Original by I.Arndorfer, A.Minot, BIS, Utrecht university, 2015, 26 pagesHamster_gagarin_linkedin
hamster writter This summary note was posted on 17 September 2017, by in Finance #, #, #

Motivation

  • The guidelines issued by the Basel Committee on Banking Supervision (BCBS) in 2015 on corporate governance principles for banks (Basel Committee on Banking Supervision, Principles for Enhancing Corporate Governance, Principle  6 and 7 ) emphasises the importance of proper risk management procedures, including, in particular, “an effective independent risk management function, under the direction of a chief risk officer (CRO), with sufficient stature, independence, resources and access to the board.
  • Green Paper of the European Commission (EC) on corporate governance  outlines the perceived inadequacies of board-level risk management: a lack of understanding of risks, a lack of authority, a lack of expertise, a lack of real-time information on risk
  • Scholars have argued that the primary, if not the sole, justification for regulating internal control systems is to maximise the efficiency and effectiveness with which exposure to risk is managed
  • Efficiency includes, in our view, the way in which work is performed (in terms of qualifications, professionalism and resources), the model/structure underlying the parties involved in the process and the interaction between those partie
  • Concludes that it is necessary to reshape the internal control structure of financial institutions by means of an additional fourth line of defence for external control bodies

The three-lines-of-defence model

A three-lines-of-defence model was finally developed by the Institute of Internal Auditors in 2013 ( IIA (Institute of Internal Auditors), Position Paper, The three lines of defence in effective risk management and control, January 2013. )

However, it did not recognise the peculiarities of certain sectors (such as those of regulated financial institutions)

1st line
  • Management control, internal control measures.
  • Reports to Senior management
2nd line
  • Financial control, Security, Risk management, quality, inspection, compliance
  • Reports to Senior management
3rd line
  • Internal audit
  • Reports to Senior management and Governing body/board/audit committee
Weaknesses
  • Misaligned incentives for risk-takers in first line of defence
  • Lack of organisational independence of functions in second line of defence
  • Lack of skills and expertise in second line functions :
    • Remuneration and experience in first line functions are still considerably higher and more senior than in second line functions despite the tighter regulation of variable compensation practices.
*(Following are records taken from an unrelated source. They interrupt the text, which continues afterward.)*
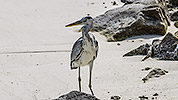 147: 914976-grey-heron-in-the-beach.jpg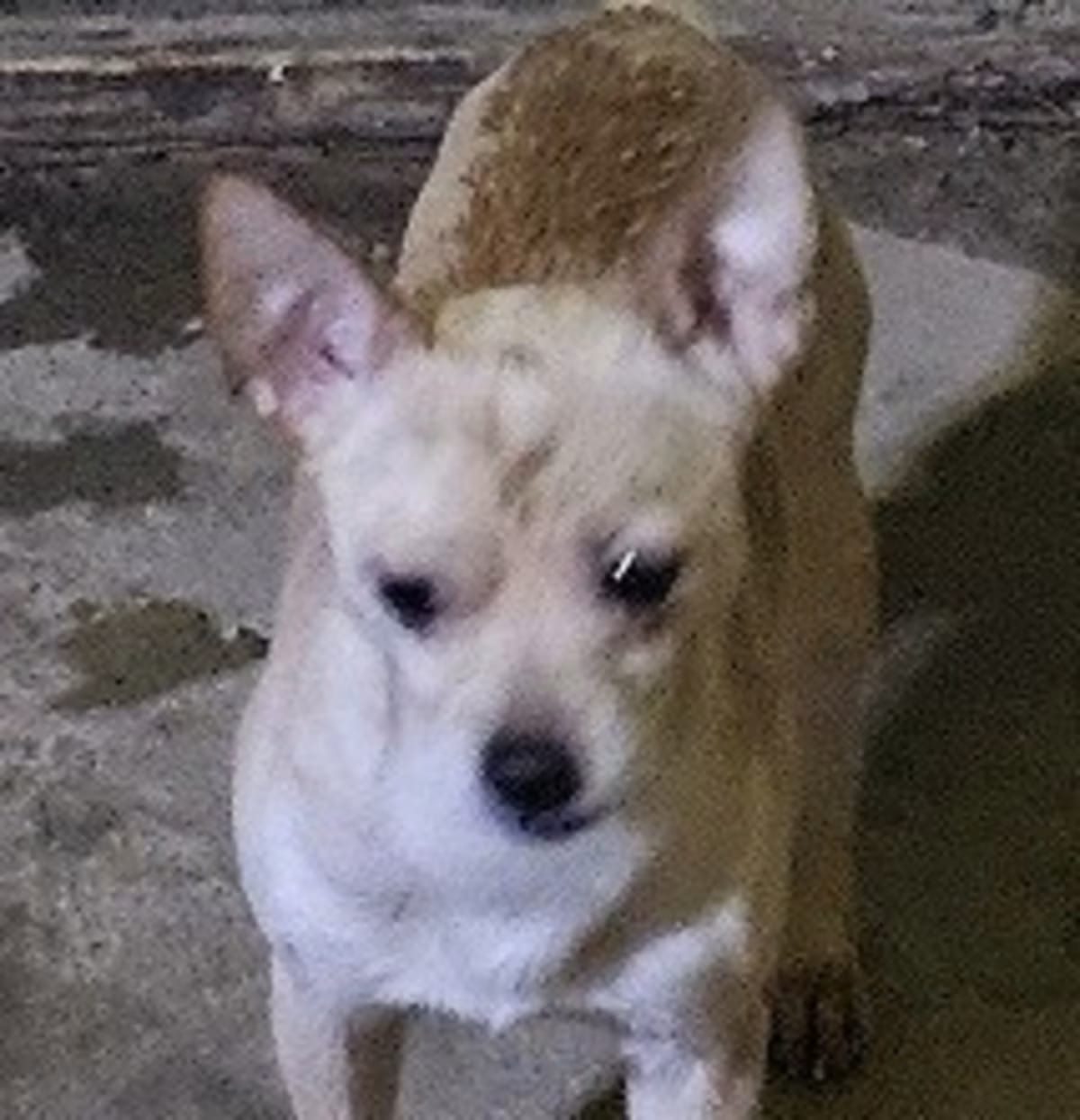Photo of Oscar, adoptable Chihuahua in Gretna, Florida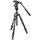 Manfrotto Befree Live Kit Twist Alu mit Fluid-Videokopf
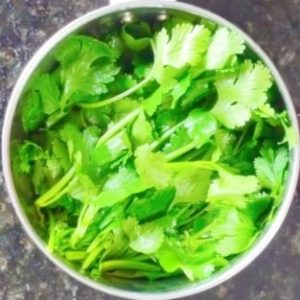 Recipe for panipuri pani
The question remains of how banks can entice highly qualified staff to work in second line functions rather than in first line or risk-taking functions
  • Inadequate and subjective risk assessment performed by internal audit

The four-lines-of-defence model

The three-lines-of-defence model could be strengthened by making supervisors and external auditors an inherent part of the internal control and risk monitoring systems

The Achilles heel of the three-lines-of-defence model stems from a lack of comprehensive overview of the organisational structure

For a long time, international standard setters did not require a close relationship between supervisors, and internal organs and functions. More recently, they have called for a stronger interactions (Financial Stability Board, Supervisory intensity and effectiveness. Progress report on enhanced supervision, 7 April 2014)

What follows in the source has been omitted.